The present invention provides a kind of to be declined the blood viscoelastic force measuring device and method of hanging bridge sensor based on pressure drag, including microfluidic device, the microfluidic device includes substrate, upper surface of base plate is carved with microchannel, microchannel input terminal is dual-port, output end is single port, pressure drag is installed to decline hanging bridge sensor in microchannel, liquid flows out after the micro- hanging bridge sensor of pressure resistance type from output end after two input terminals flow into and converge；Permanent magnet, the permanent magnet are placed in microfluidic device two sides, for providing stationary magnetic field for the pressure drag hanging bridge sensor that declines；Signal motivates detection circuit, and signal excitation detection circuit connection pressure drag declines hanging bridge sensor, for measuring the viscous force variation during blood coagulation.The present apparatus can fast and accurately measure the viscoelastic power of blood sample using less blood volume, meet the needs of clinical hemostasis examination analysis now.

Description

It is declined the blood viscoelastic force measuring device and method of hanging bridge sensor based on pressure drag

Technical field

The present invention relates to a kind of for quickly detecting the measuring technique of blood viscoelastic power, more particularly to one kind based on pressure resistance type The viscoelastic force measuring device and method of the micro blood sample of micro- hanging bridge sensor.

Background technique

Blood coagulation is the process that the blood flowed becomes curdled appearance, and essence is exactly that the soluble fibrin in blood plasma is former Become insoluble fibrinous process.The detection of coagulation function to the judgement of the prediction of postoperative blood loss risk, cause of bleeding, Instruct haemostatic measures implement etc. it is all of crucial importance, especially amount of bleeding it is biggish operation as cardiovascular surgical procedure, obstetric operation, Bone surgery etc. is particularly important.

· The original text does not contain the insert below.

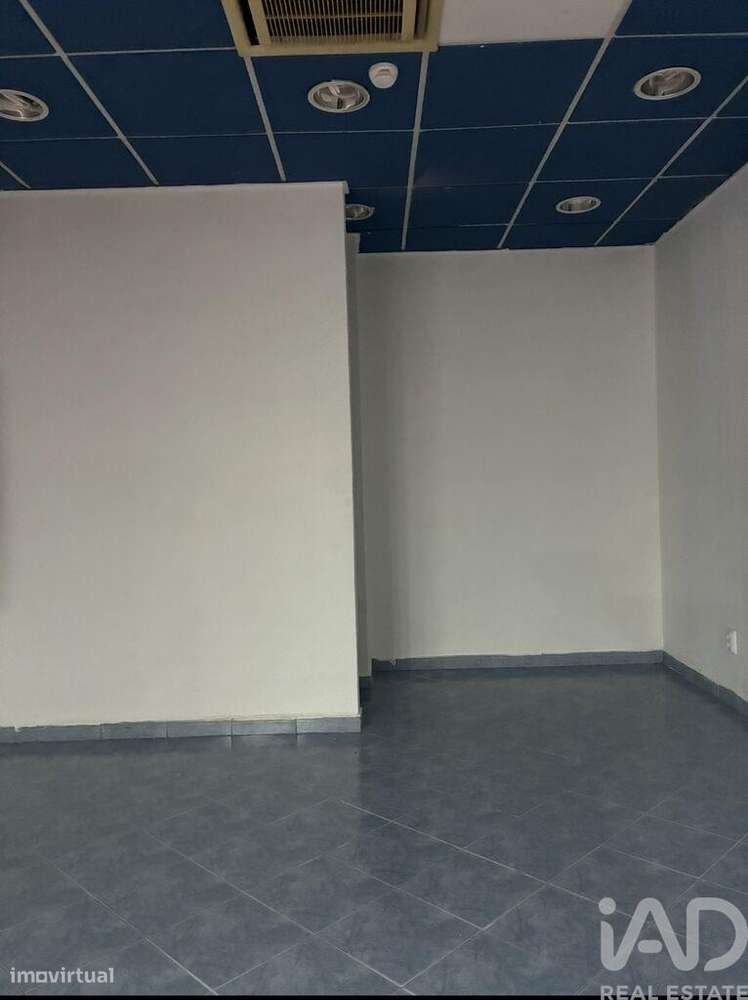 Loja / Estabelecimento Comercial em Benfica de 20,00 m2 - Grande imagem: 3/4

At present the common method of hemostasis examination have platelet count, fibrinogen concentration, thrombelastogram instrument (TEG), Rotate thrombus elasticity measuring method (ROTEM), the thrombus elastic force detection based on electromagnetic sensor etc..Platelet count, fibrin Original content detection time is long, generally wants 45-60 minutes.Thrombelastogram instrument needs are not easy to keep straight when cup head is put into cup body It is vertical, cause probe to be not easy to be aligned when being inserted into cup head, is unfavorable for upper cup operation.Above method sensitivity is low, and detection every time The blood volume needed is on the high side, therefore, has been difficult to meet the needs of clinical hemostasis examination analysis now.

Summary of the invention

For the deficiency for solving current technology, the present invention combination prior art provides a kind of based on pressure from practical application The blood viscoelastic force measuring device and method of the micro- hanging bridge sensor of resistive, can be using less blood volume to blood The viscoelastic power of sample is fast and accurately measured, and meets the needs of clinical hemostasis examination analysis now.

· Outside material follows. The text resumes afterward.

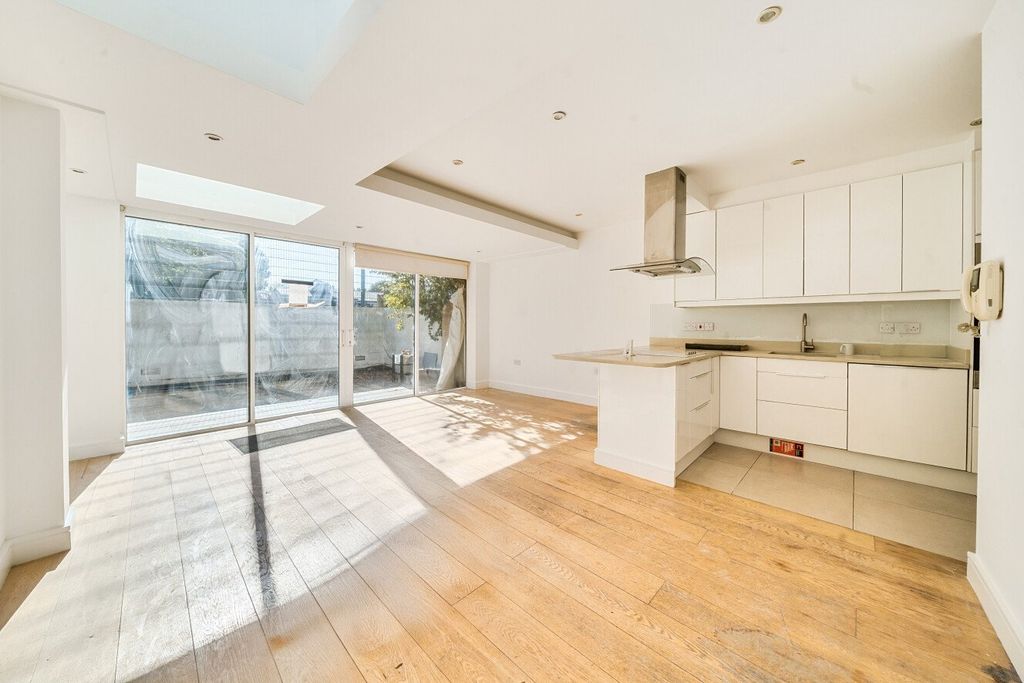 Property photo 2 of 17 Picture No. 11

Technical scheme is as follows:

It is declined the blood viscoelastic force measuring device of hanging bridge sensor based on pressure drag, comprising:

Microfluidic device, the microfluidic device include substrate, and upper surface of base plate is carved with microchannel, and microchannel input terminal is Dual-port, output end are single port, and pressure drag is equipped in microchannel and is declined hanging bridge sensor, and liquid is flowed into through two input terminals And it is flowed out after the micro- hanging bridge sensor of pressure resistance type from output end after converging；

Permanent magnet, the permanent magnet are placed in microfluidic device two sides, for providing perseverance for the pressure drag hanging bridge sensor that declines Fixed-field；

Signal motivates detection circuit, and signal excitation detection circuit connection pressure drag declines hanging bridge sensor, for measuring Viscous force variation during blood coagulation.

The pressure drag hanging bridge sensor that declines includes silicon base, and silicon base both ends are respectively provided with U-shaped of the opening towards outside Pressure drag sensing and the electrified wire with autonomous channel, two ends, the two ends of electrified wire of pressure drag sensing are all connected with deposition Pad on a silicon substrate.

The silicon base is in I-shaped, silicon base both ends setting support base, silicon base top layer deposition silica.

The microchannel direction declines with pressure drag, and hanging bridge sensor hanging bridge direction is vertical, and permanent magnet magnetic line of force direction is hung down Directly in microchannel direction.

The pressure drag hanging bridge size sensor range that declines is that micro- hanging bridge is long: 200~300 μm, wide: 20~30 μm, thick: 1 ~5 μm, the decline silicon base support base height at hanging bridge sensor both ends of pressure drag is higher than intermediate silicon base thickness, and microchannel is in pressure drag The hanging bridge sensor portion bit wide that declines is 200~300 μm, and 5~50 μm of depth, remaining position width is 1~200 μm, 5~50 μ of depth M, a length of 1~10cm.

The signal excitation detection circuit includes signal generator, resistance bridge, difference amplifier, multiplier, low pass Filter, analog-to-digital conversion, microcontroller are sent out wherein the microcontroller is connected with signal generator by microcontroller control signals Raw device generates sinusoidal and cosine signal, and signal generator declines the sinusoidal excitation signal source access pressure drag of generation hanging bridge sensor Pad corresponding to electrified wire.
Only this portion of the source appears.